Am Schluss wird Rainer Mausfeld noch gefragt, ob er Optmismus für die Zukunft hat, dass man in einem Fall wie einen Terroranschlag in Deutschland Besonnenheit zeigen wird. Sein Fazit ist eher negativ:

"Das ist ganz schwer vorherzusagen, weil es natürlich an denen in erster Linie liegt, die wichtige Multiplikatoren sind. Es liegt an der sogenannten geistigen Elite, es liegt an den Medien, es liegt an denen, die eine Stimmung aufgreifen und verstärken. Die Erfahrung, auch nach nine-eleven ist leider, dass die geistigen Eliten, man muss sagen wieder einmal, versagt haben - das waren Juristen, das waren Psychologen, das waren auch die Medien - die New York Times hat erst, ist erst im letzen Jahr dazu übergegangen das Wort Folter auch zu verwenden. Das wurde vorher mit Beschönigungen umschrieben. Man hatte sich in den Medien eigentlich darauf geeignigt: Wir wissen, dass es Folter ist, aber wir nennen es nicht so. Das heißt, die Verantwortung, die wichtigste Verantwortung liegt eingentlich bei denen, die große Multilikatoren für diese Dinge sind - und ähm - mein Optimismus ist da begrenzt, muss ich gestehen."
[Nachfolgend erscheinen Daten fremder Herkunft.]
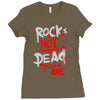 rock's not dead you are Ladies Fitted T-Shirt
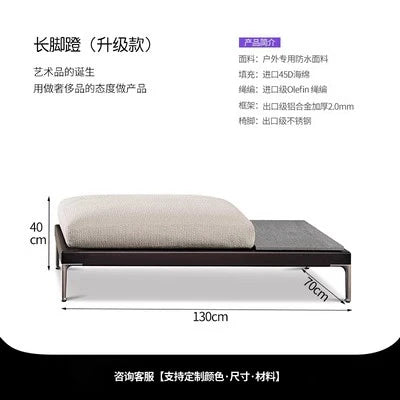 Outdoor Rattan Garden Sofa – Modern Aluminum Frame with Removable Cushions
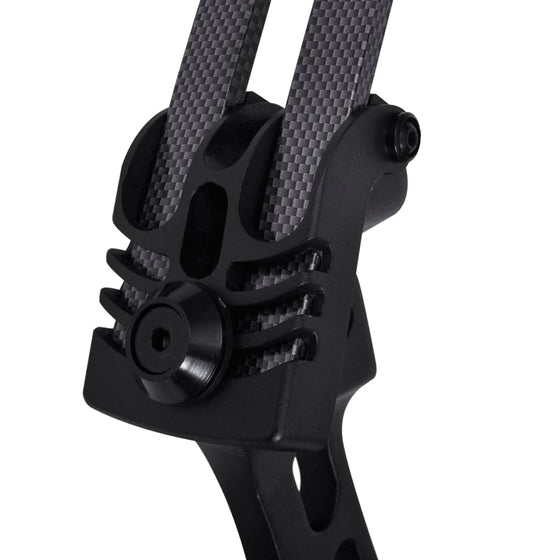 Compound bow grip and riser detail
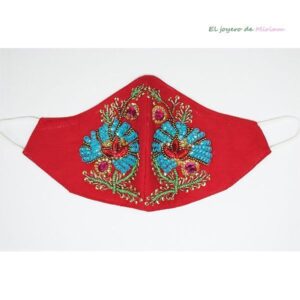 Mascarilla roja pedrería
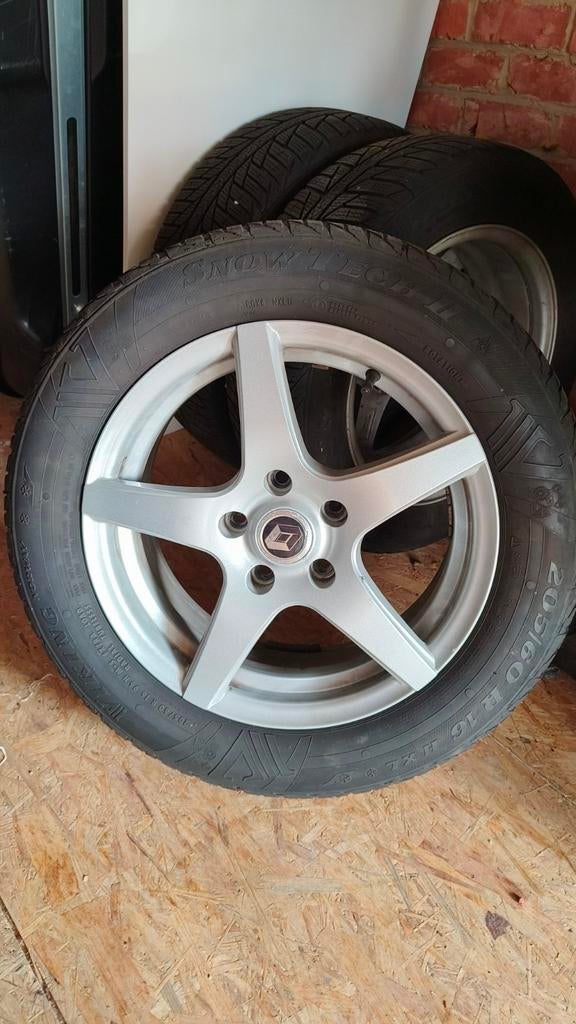 Velgen Renault scenic 2014, Auto-onderdelen, Banden en Velgen, Ophalen, Velg(en)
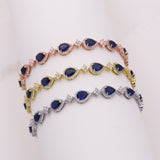 Avery Sapphire Blue Bracelet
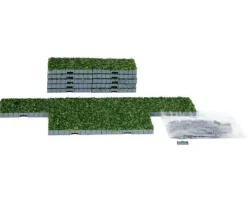 64107 - Plaza System (Grass, Square) - 16 Pcs - Lemax Landscape
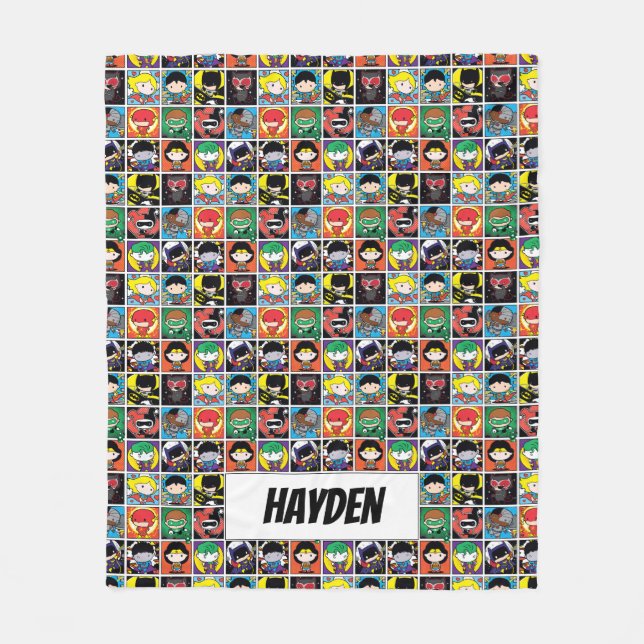 Manta Polar Patrón de caracteres de la liga de justicia de Chi (Anverso)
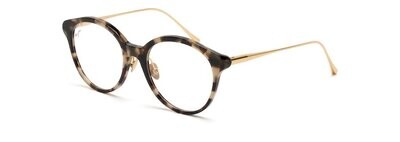 MAUI JIM - MJO 2222-01 TOKYO TORT WITH GOLD TEMPLES - ACETATE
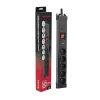 Surge protector Hawk HWPS503BK 3m power strip with 3 m cable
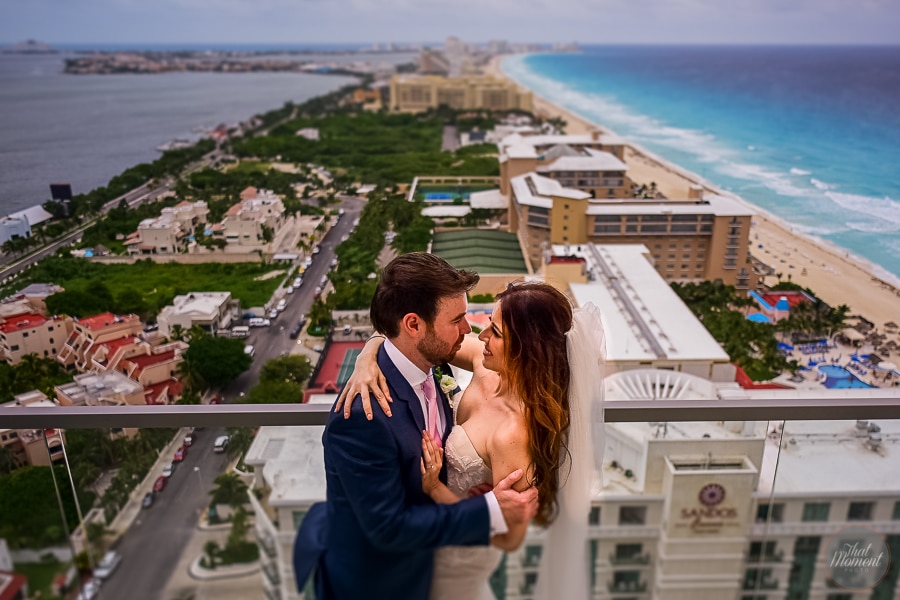  couple having some laughs at the top of secrets the vine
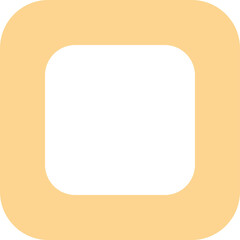 rounded square frame  isolated on  transparent . frame . Square blank frame. Flat. PNG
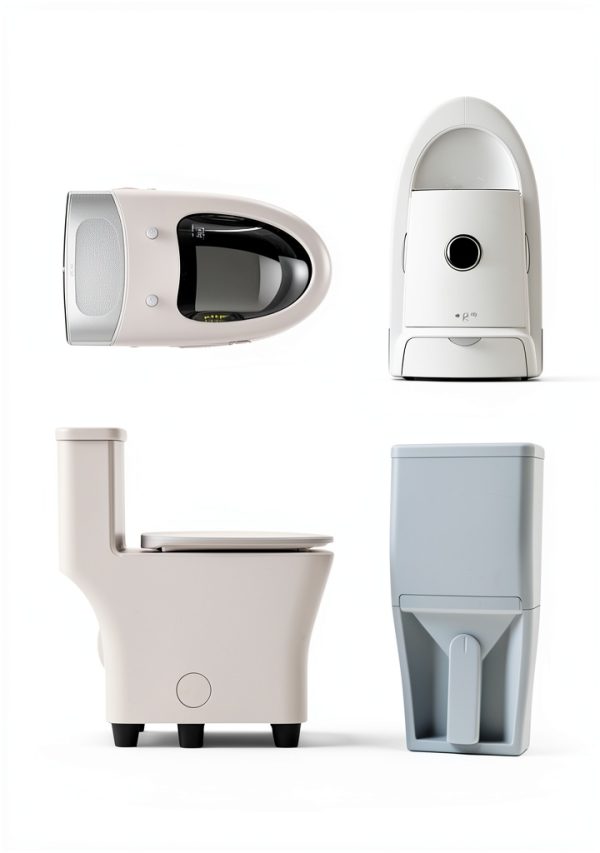 One Piece Toilet KK KE KING White 1.28 GPF Side Lever KK-T2100W-1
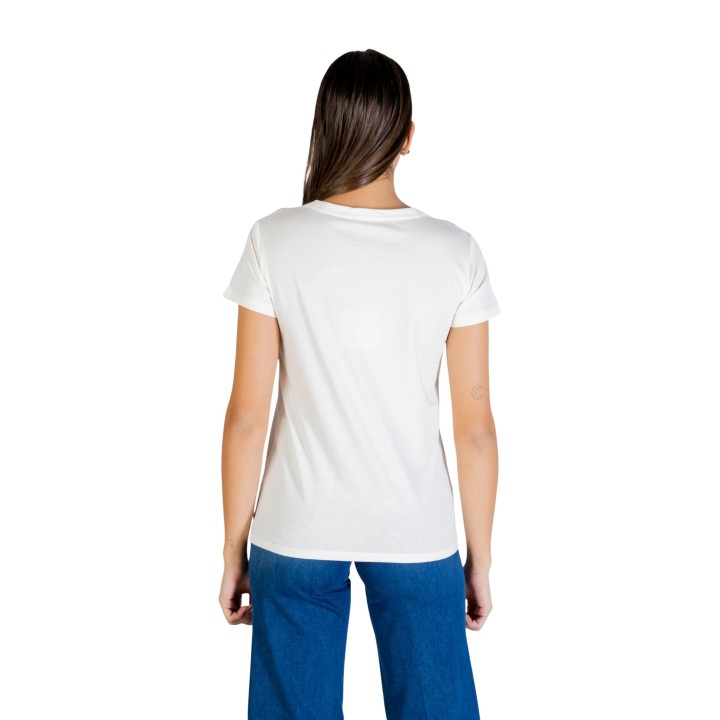 Liu-Jo camiseta de mujer blanca TA6056 JS923 vista posterior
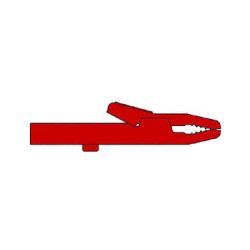PINCE CROCODILE ISOLEE 4mm 25A - ROUGE (AK 2 S) - Velleman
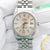 Rolex Datejust ref. 16030 Silver Dial with Golden indexes- Jubilee - Full Set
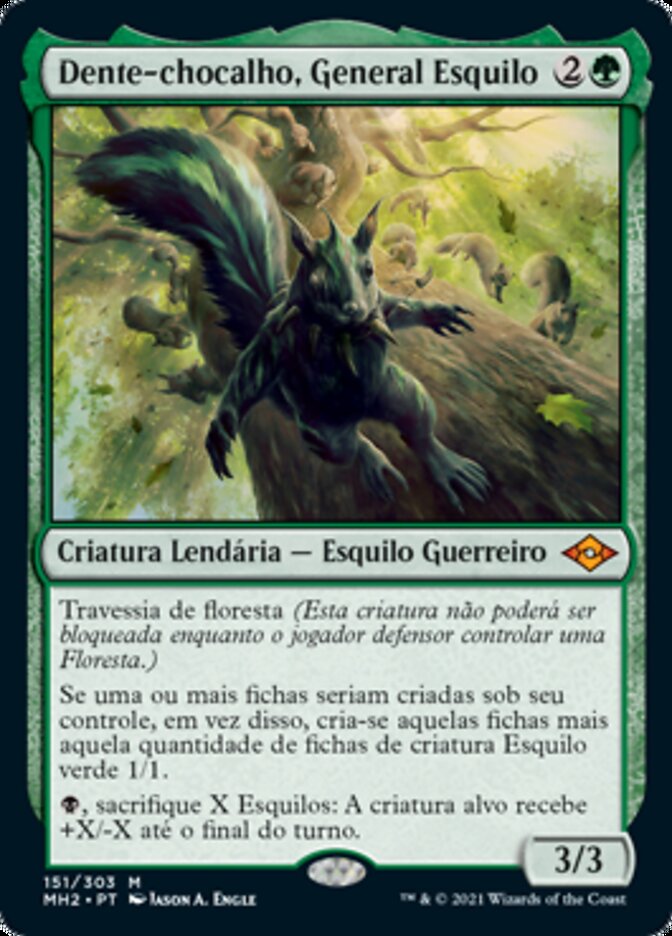 Dente-chocalho, General Esquilo / Chatterfang, Squirrel General - Magic: The Gathering - MoxLand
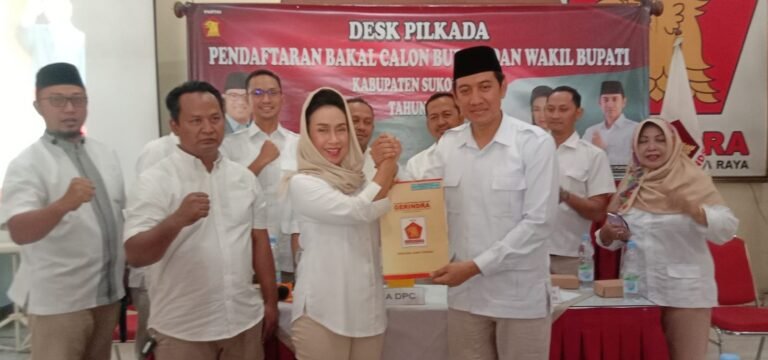 Eko Sapto Kembalikan Formulir Cabup, Gerindra Beri Pesan Begini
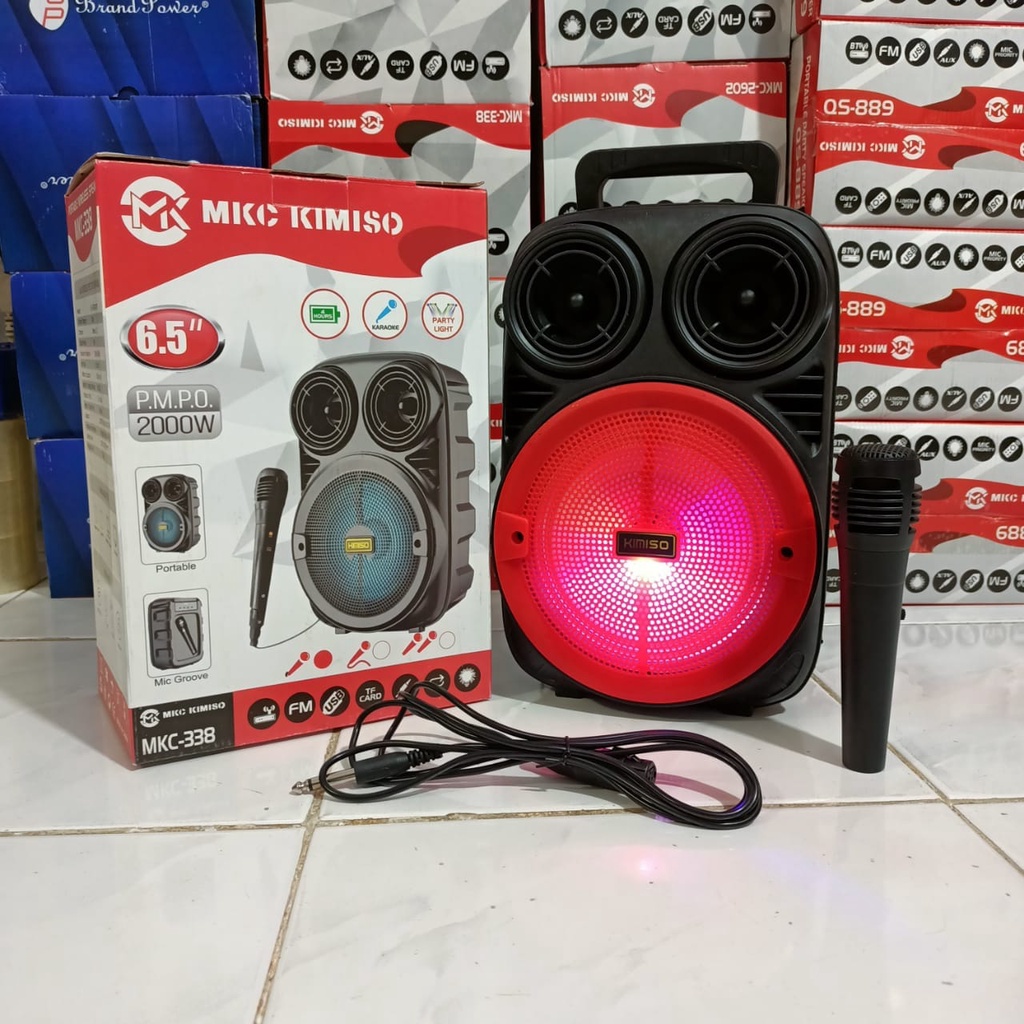 Speaker Bluetooth KIMISO KMS 3381 / KMISO QS-2602 Free Mic 6.5 INCH KARAOKE
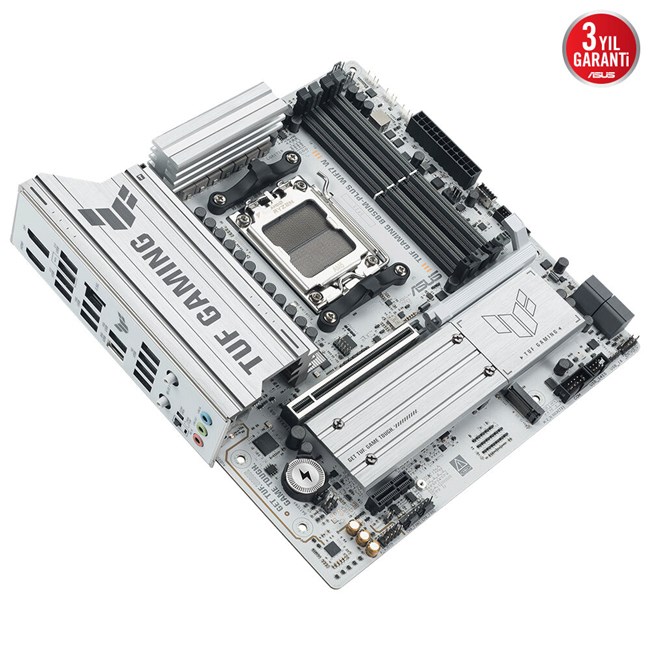 Asus Tuf Gaming B850M-Plus Wifi7 W AM5 D5 Type-C [90MB1MD0-M görsel 3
Fazit: So glasklar und besonnen, wie Rainer Mausfeld die Probleme benennt, liefert er einen wichtigen Beitrag für unsere Demokratie und für einen echten Humanismus. Er zeigt auch auf, wo die Probleme liegen und was man eigentlich tun müsste. Dabei verliert er zu keinem Zeitpunkt seinen Argumentationsfaden und lässt sich in seiner Position auch bei kompliziertesten Nachfragen des Interviewers nicht aus der Ruhe bringen.